Lesson Seven: Multiplication and Addition

Now we know how to combine two numbers with multiplication, and we know how to combine two numbers with addition, but how do multiplication and addition interact?

Multiplication First:

It is an unfortunate truth that multiplication and addition do not get along as well with each other as addition gets along with addition and multiplication gets along with multiplication. Since both are associative 2+3+4 is unambiguously 9, and 2*3*4 is unambiguously 24. However 2+3*4 takes different values depending on if you interpret it as (2+3)*4, which is 20, or 2+(3*4), which is 14. So, to resolve this ambiguity, we decree that multiplication occurs before addition. This is a common convention upon which we agree, rather than a mathematical truth which we discover, but we should stick with it nonetheless. So, things within parenthesis happen before things outside of them and multiplication happens before addition, these are conventions by which we must agree to live.

Distribution

The other interesting way in which addition and multiplication interact is called distribution. Consider 2(3+4), which is 2*7 or 14. This is the same value as 2*3+2*4 which, since we know to multiply before we add, is 6+8 or still 14. This is not a coincidence, when we switch from doing addition first to doing multiplication first, we must make sure that we multiply both values in the sum by 2. Consider if you had two bank accounts, into one you deposited a certain amount of money each month to save up for a vacation, and into the other you deposited a different amount of money to save for a rainy day. If, after three months, you wished to know how much money was in the accounts total, you could find out in two different ways. You could first figure out how much you deposited each month, by adding the amounts going into each account together, then multiply this monthly deposit size by 3, this way you add first. You could also figure out how much money was in each account individually after three months, by multiplying the deposit to each account by 3 separately, then add these account totals together to obtain the overall total, this way you multiply first. Notice that in the second case, the amount of money you put into the first account must be multiplied by 3 and the amount you put into the second account must be multiplied by 3, we say that the 3 is distributed to each of them.

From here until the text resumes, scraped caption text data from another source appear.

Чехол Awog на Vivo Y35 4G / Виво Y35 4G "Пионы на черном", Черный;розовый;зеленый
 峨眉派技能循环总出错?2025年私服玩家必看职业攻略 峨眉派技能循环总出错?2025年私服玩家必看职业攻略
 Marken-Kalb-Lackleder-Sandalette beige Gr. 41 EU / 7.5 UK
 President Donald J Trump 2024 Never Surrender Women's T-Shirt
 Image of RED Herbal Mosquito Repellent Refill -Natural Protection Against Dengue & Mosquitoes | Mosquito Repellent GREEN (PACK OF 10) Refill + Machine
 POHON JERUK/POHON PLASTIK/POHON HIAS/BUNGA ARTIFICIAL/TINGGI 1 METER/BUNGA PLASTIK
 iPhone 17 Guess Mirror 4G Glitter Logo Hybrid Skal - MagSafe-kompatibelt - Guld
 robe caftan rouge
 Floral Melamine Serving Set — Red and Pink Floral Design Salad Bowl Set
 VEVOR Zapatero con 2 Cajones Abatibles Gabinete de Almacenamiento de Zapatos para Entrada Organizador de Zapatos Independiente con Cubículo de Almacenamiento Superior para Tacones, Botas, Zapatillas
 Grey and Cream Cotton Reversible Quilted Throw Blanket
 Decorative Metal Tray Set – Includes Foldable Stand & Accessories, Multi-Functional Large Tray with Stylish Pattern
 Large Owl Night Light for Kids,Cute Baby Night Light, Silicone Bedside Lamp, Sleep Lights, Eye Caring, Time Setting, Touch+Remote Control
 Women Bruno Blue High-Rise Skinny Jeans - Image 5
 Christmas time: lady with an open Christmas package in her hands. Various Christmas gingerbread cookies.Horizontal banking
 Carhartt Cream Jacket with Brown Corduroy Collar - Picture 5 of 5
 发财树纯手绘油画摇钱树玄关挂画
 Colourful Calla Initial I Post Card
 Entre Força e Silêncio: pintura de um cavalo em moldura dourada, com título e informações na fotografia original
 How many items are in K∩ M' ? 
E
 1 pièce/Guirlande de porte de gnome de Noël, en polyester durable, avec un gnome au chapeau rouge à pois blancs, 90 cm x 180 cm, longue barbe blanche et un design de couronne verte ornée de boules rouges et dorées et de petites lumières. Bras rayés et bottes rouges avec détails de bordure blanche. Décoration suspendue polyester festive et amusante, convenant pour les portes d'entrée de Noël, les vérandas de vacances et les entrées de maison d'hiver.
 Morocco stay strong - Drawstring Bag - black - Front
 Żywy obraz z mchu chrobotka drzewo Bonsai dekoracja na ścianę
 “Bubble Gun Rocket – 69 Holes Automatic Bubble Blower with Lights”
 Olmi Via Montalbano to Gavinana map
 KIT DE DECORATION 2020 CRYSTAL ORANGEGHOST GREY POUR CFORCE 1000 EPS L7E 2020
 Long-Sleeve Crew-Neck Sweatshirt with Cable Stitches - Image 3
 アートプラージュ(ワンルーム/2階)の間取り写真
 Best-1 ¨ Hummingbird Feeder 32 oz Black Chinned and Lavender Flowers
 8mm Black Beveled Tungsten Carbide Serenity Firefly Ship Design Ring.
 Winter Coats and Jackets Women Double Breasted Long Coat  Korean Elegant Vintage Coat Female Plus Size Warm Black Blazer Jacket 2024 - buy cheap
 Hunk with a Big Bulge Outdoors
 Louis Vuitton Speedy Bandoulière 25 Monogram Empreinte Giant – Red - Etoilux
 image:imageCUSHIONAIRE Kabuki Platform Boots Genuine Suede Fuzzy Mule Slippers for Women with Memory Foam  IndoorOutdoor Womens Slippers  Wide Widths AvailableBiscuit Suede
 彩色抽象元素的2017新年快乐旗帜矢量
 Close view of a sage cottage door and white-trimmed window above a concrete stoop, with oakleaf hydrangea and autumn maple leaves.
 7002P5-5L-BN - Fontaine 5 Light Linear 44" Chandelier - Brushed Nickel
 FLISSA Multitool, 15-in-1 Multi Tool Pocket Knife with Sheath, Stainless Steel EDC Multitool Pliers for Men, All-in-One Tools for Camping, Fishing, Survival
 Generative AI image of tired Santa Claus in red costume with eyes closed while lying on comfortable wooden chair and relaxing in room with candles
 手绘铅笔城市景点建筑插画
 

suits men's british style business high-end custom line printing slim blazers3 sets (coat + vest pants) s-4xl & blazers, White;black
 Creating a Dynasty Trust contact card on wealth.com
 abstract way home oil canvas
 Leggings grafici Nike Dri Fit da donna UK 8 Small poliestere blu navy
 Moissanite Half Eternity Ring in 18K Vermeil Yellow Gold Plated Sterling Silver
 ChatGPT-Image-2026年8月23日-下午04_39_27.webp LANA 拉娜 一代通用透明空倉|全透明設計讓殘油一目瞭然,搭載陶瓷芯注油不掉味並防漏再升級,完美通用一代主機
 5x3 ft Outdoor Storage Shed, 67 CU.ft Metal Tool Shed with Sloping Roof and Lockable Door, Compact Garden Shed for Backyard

Lesson Three: In Which Nothing Happens

Suppose people are arriving at school in the morning, and we are keeping track of how many arrive each ten minutes. For a while life is good, people arrive and we are adding them to the total number of people at school. After a while however, school starts and the arrivals stop. We eventually need to add nothing to the number of people at school!

Zero:

If we want to add nothing to our total, it would be helpful to have a numerical representation of nothing. This is of course 0. Anything plus 0 remains the same. This means that 0+1=1, so, since adding one gives us the next number, we can think about 0 as being the number before 1.

Optional Tangent:

For some rather advanced reasons, which I may get to later, 0 is actually a more philosophically sound place to start our numbers than 1. However, 1 is the starting place that I chose for three reasons: the argument for 0 is advanced, but not complicated, and I want to keep things simple for now; if I remember correctly, math education starts with the positive numbers then introduces 0 and I think that is worthy of emulation and; it makes sense historically, giving nothing its own symbol is something that came after the other numbers.

A Note on Equality

I am slightly tired of writing 3+4 is 7, so I think it is time to introduce the equal sign. The symbol '=' means that the values on either side of it are actually the same. As another of my colleagues pointed out a while back, due to its use on a calculator, students sometimes think of '=' as having the same meaning as the Enter key, in that it signifies that a computation need be performed. However '=' is simpler than that, it just indicates that the left side and right side are quantitatively the same. So 3+4=4+3=5+2=1+1+1+1+1+1+1.

Lesson Two: In Which We Add

So far, whenever we have changed whole numbers we have done so by the smallest amount possible, incrementing them 1. However, it is not entirely without precedent that two largish groups of whole numbers should collide and need to be combined. When this happens it would be convenient if we didn't have to do so each 1 at a time. This is the problem which we create addition to solve.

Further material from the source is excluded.